Like many of the Marston Lads, William worked at Marston Salt Works. During his time there he injured his leg riding on one of the wagons in the Adelaide Salt Mine.
The family appear to have lived in Cross Street for a great number of years.
William Neild's enlistment records are missing, no doubt part of the 50% that were destroyed during the London blitz in 1940. However, after an exhaustive search and a great deal of luck, I have been able to map his military life accurately. This was aided by him being a Lance Corporal, this suggested William had served in the military before, and he did. Before and during the latter part of 1914, a number of Territorial Battalions had built up, so many that a number were placed in 'Reserve'.
One record exists that shows William Neild, and noted as 'Formally' the 16th T.R. Battalion, the letters T.R meaning 'Training Reserve'. William would be one of three Marston Lads who took the decision before the First World War to take up training with the Army prior to the war. Following his training, which he would do each year, he would remain in Reserve for a number of years. This will explain why he was quickly promoted to a Lance Corporal at such a young age. To have this responsibility, William must have shown leadership and intelligence during his time with the Reserves. His enlistment date was 24th December 1913.
Reserve Battalion soldiers during training 1914
William's reserve unit was the 16th (Reserve) Battalion, Royal Fusiliers. He would keep with this battalion when he joined the army full time, then on the 1 September 1916 the regimental distinctions disappeared and the battalions were re-designated as the 1st to 116th reserve battalion in one of 26 reserve brigades, and in the case of William, he joined the 17th Battalion Kings Royal Rifle Corps, and as a Lance Corporal. William enlisted at Manchester.
A lance corporal usually serves as second-in-command of a section. It is also a rank held by specialists such as clerks, drivers, signallers, machine-gunners and mortar men.
The 17th Battalion landed at Le Havre as part of the 117th Brigade in the 39th Division in March 1916 for service on the Western Front.
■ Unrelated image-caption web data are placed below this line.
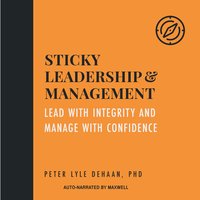 Sticky Leadership and Management - Peter Lyle DeHaan - audiobook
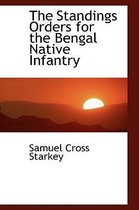 The Standings Orders for the Bengal Native Infantry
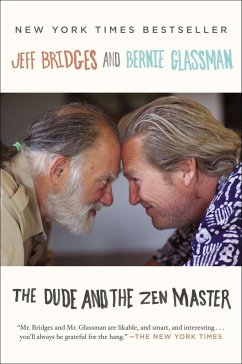 The Dude and the Zen Master - Bridges, Jeff; Glassman, Bernie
The division was formed as part of the fifth wave (K5) of divisions in the New Army; it did not have a regional title but was composed primarily of recruits from the Midlands, London, and the south of England. Several of its battalions had been raised by local communities and were named for their towns or industries. After training and home service, it deployed to the Western Front in early 1916 and fought in the Battle of the Somme. The following year, it saw action at the Third Battle of Ypres, and in 1918 took heavy losses in the German Army's Spring Offensive. The General Officer Commanding, Major-General Edward Feetham, was killed in the action in March 1918.
The 1918 Spring Offensive
William Neild was the 4th Marston Lad to be killed during the German Spring Offensive. He died of wounds received during battle on the 5th April 1918. He is buried at St. Sever Cemetery Extension, France.